==== RECORDS

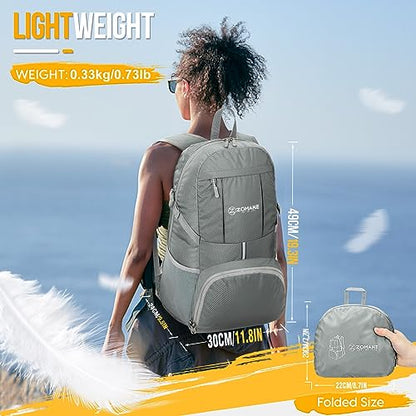 ZOMAKE Lightweight Packable Backpack 35L, Light Foldable Backpacks Water Resistant Collapsible Hiking Bag, Compact Folding Day Pack for Travel Camping(Sliver Grey) - color: Sliver Grey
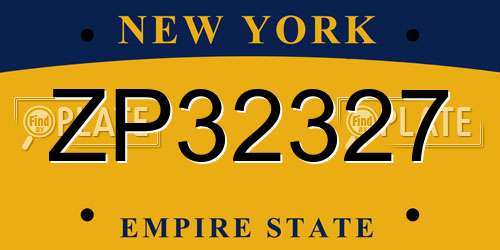 ZP32327 New York License Plate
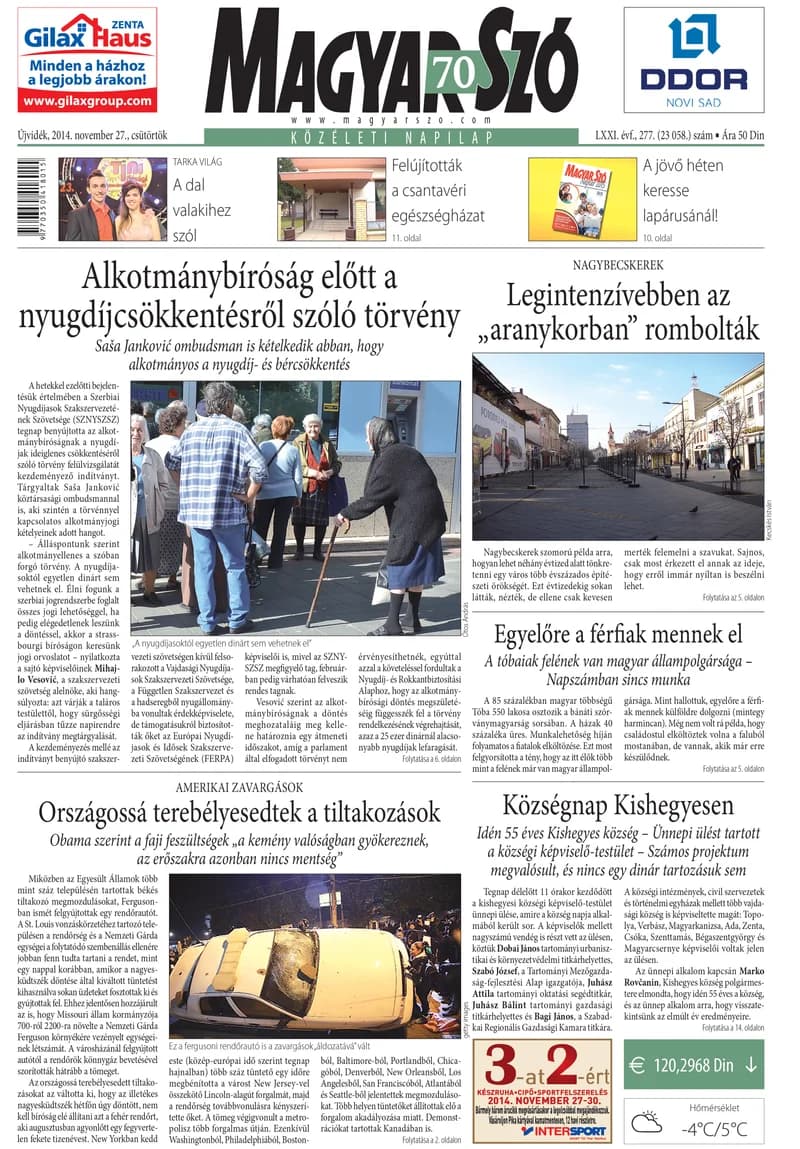 Magyar Szó, 71. évf. 2014. november 27. 277. sz. 1–20. oldal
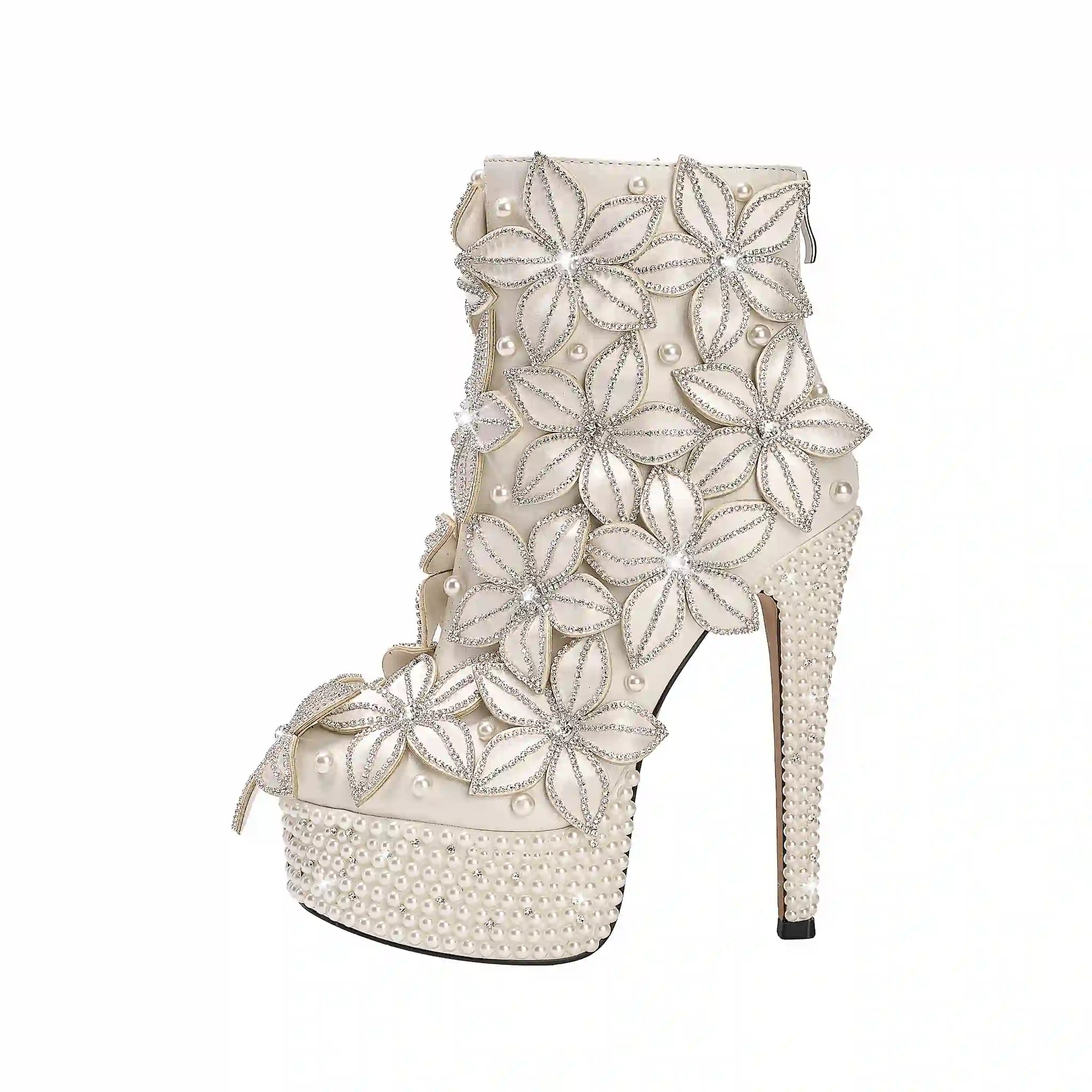 Glam White Ankle Boots with 3D Floral Embellishments & Pearl Platform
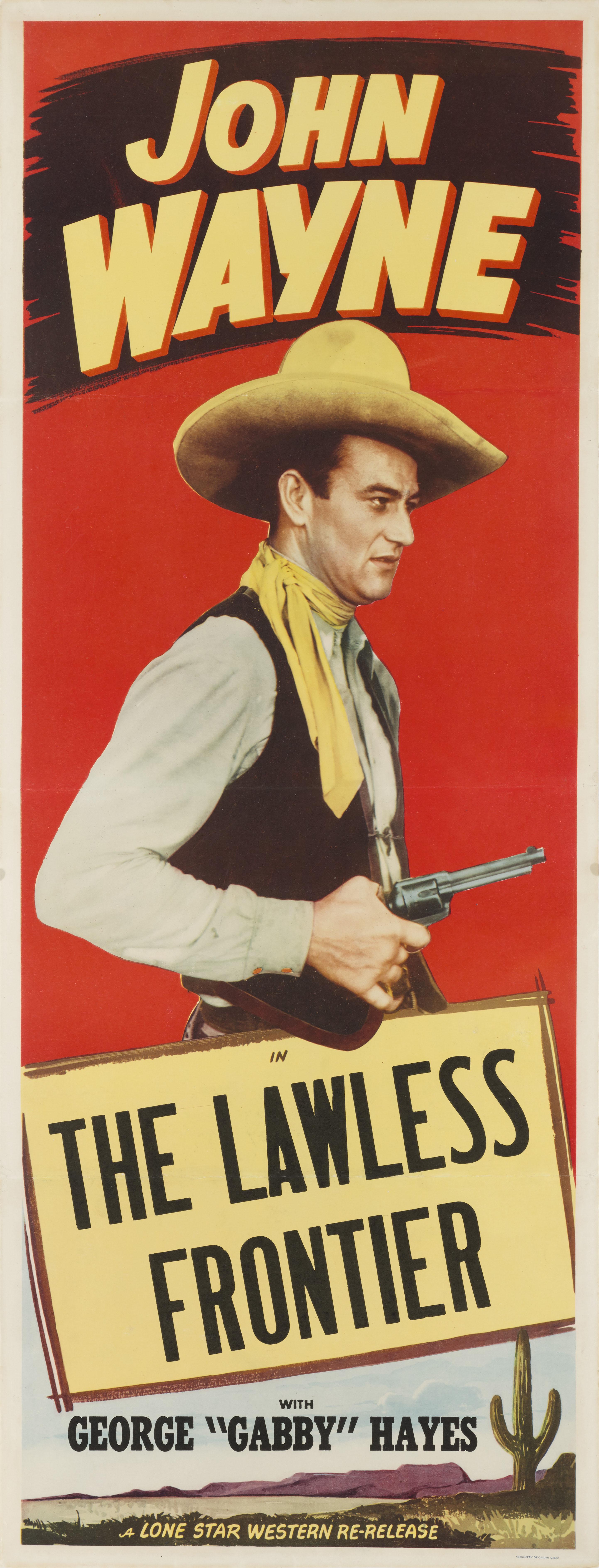 Affiche originale pour le western de 1934 avec John Wayne et réalisé par Robert N. Bradbury.
Cette affiche a été créée pour la réédition américaine du film dans les années 1940.
 Ce poster est soutenu par du papier de conservation et il sera expédié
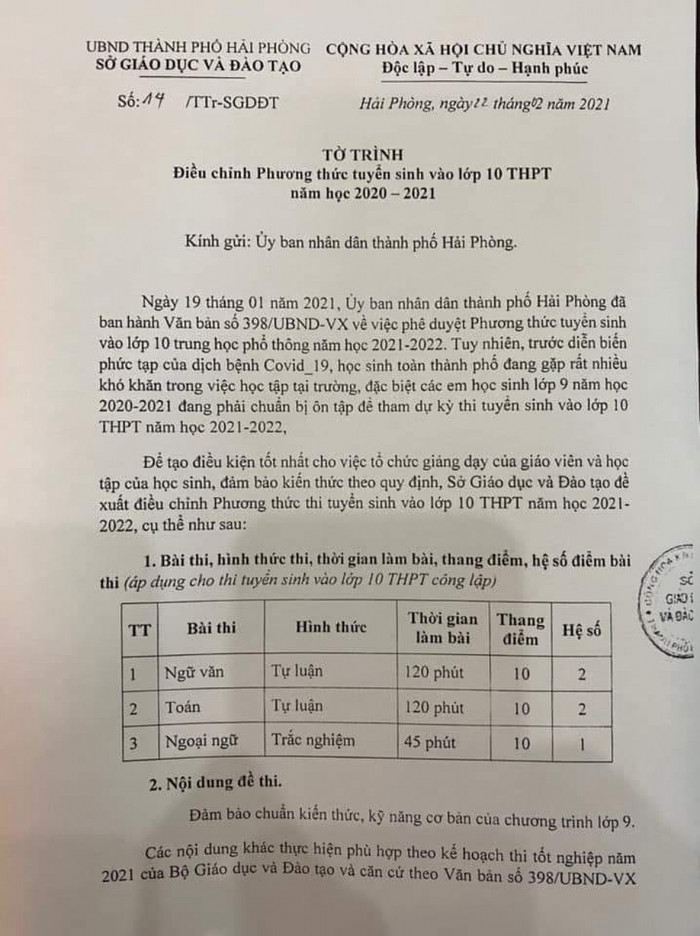 Sở GD&ĐT Hải Phòng đề xuất bỏ môn thi tổ hợp Kỳ thi tuyển sinh vào lớp 10. Ảnh: VOV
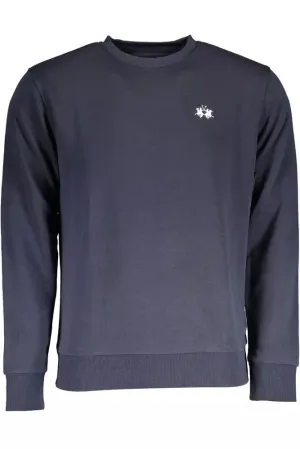 La Martina Blue Cotton Men Sweater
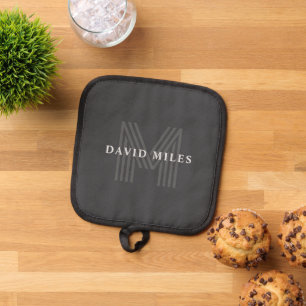Dark Grey Retro Modern Monogrammed Name Pot Holder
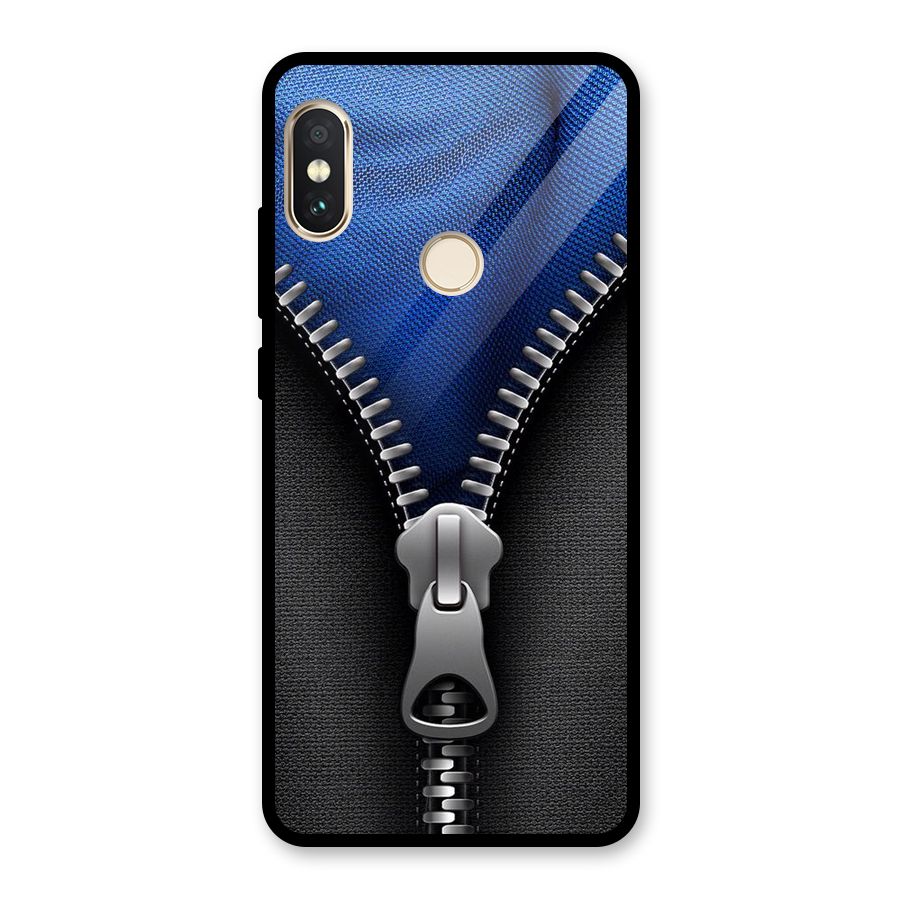Blue Zipper Glass Back Case for Redmi Note 5 Pro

========

EXERCISE BRIEF
Set down the records in full and exactly. Do not carry over any image.

ANSWER TO THE EXERCISE
 ZOMAKE Lightweight Packable Backpack 35L, Light Foldable Backpacks Water Resistant Collapsible Hiking Bag, Compact Folding Day Pack for Travel Camping(Sliver Grey) - color: Sliver Grey
 ZP32327 New York License Plate
 Magyar Szó, 71. évf. 2014. november 27. 277. sz. 1–20. oldal
 Glam White Ankle Boots with 3D Floral Embellishments & Pearl Platform
 Affiche originale pour le western de 1934 avec John Wayne et réalisé par Robert N. Bradbury.
Cette affiche a été créée pour la réédition américaine du film dans les années 1940.
 Ce poster est soutenu par du papier de conservation et il sera expédié
 Sở GD&ĐT Hải Phòng đề xuất bỏ môn thi tổ hợp Kỳ thi tuyển sinh vào lớp 10. Ảnh: VOV
 La Martina Blue Cotton Men Sweater
Dark Grey Retro Modern Monogrammed Name Pot Holder
Blue Zipper Glass Back Case for Redmi Note 5 Pro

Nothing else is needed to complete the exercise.